• _Goal of the exercise_
Word for word, restate the lines of the data below between those holding "Polo hombre corte clásico" and "North Carolina mayor", inclusive; pictures do not belong in the copy.

• _Dataset entries_
◆ ◆ ◆

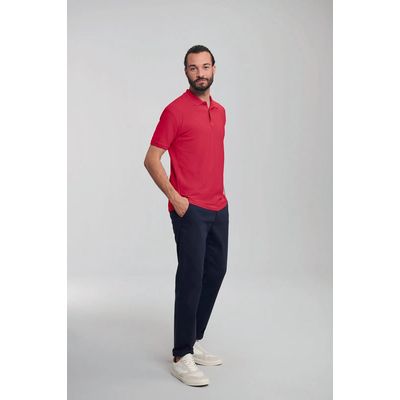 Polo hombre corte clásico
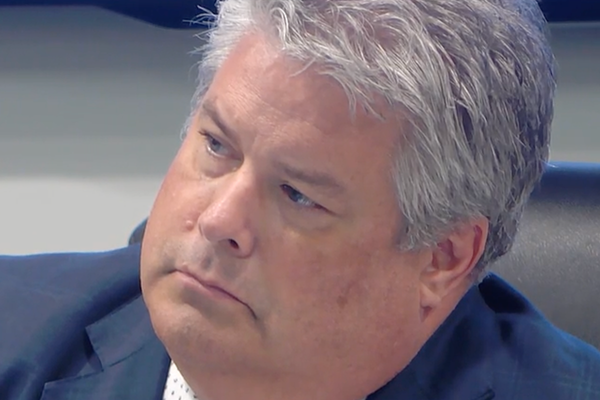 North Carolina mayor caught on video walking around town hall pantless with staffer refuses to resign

◆ ◆ ◆

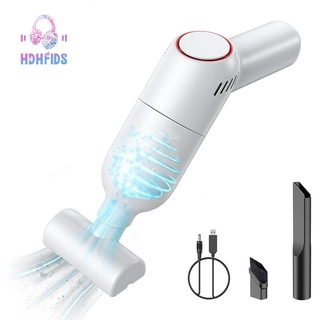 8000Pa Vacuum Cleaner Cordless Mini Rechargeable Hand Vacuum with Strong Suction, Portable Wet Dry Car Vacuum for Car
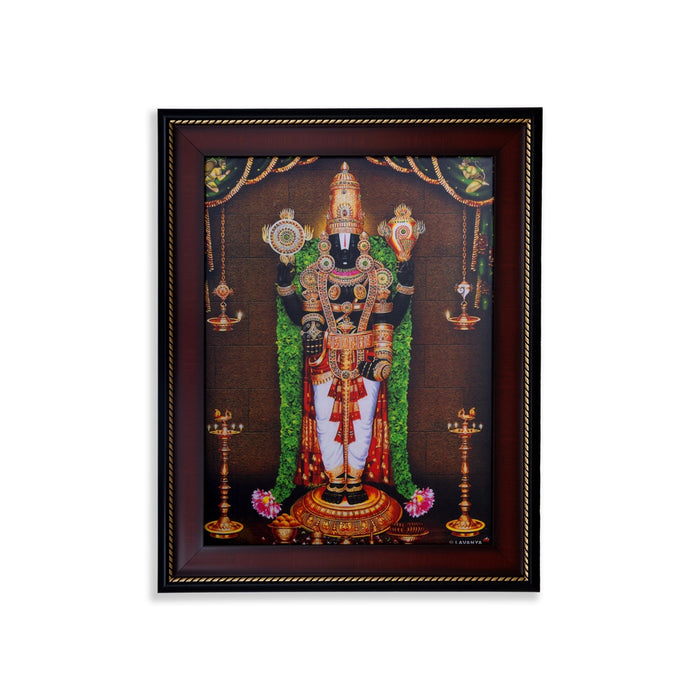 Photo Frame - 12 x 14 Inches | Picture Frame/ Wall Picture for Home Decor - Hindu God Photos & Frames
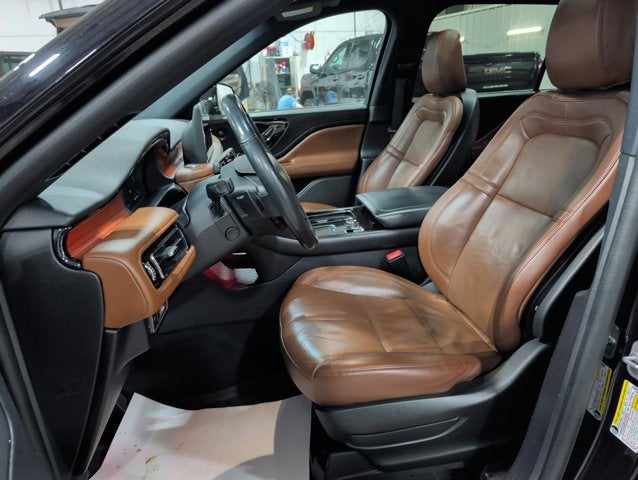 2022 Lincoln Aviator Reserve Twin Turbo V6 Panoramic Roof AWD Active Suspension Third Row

◆ ◆ ◆

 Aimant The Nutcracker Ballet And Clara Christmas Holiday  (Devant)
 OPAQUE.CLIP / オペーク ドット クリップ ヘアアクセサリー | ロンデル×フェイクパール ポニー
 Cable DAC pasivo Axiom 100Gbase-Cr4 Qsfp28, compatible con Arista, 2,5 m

◆ ◆ ◆

• _Solution for this task_
 Polo hombre corte clásico
 North Carolina mayor caught on video walking around town hall pantless with staffer refuses to resign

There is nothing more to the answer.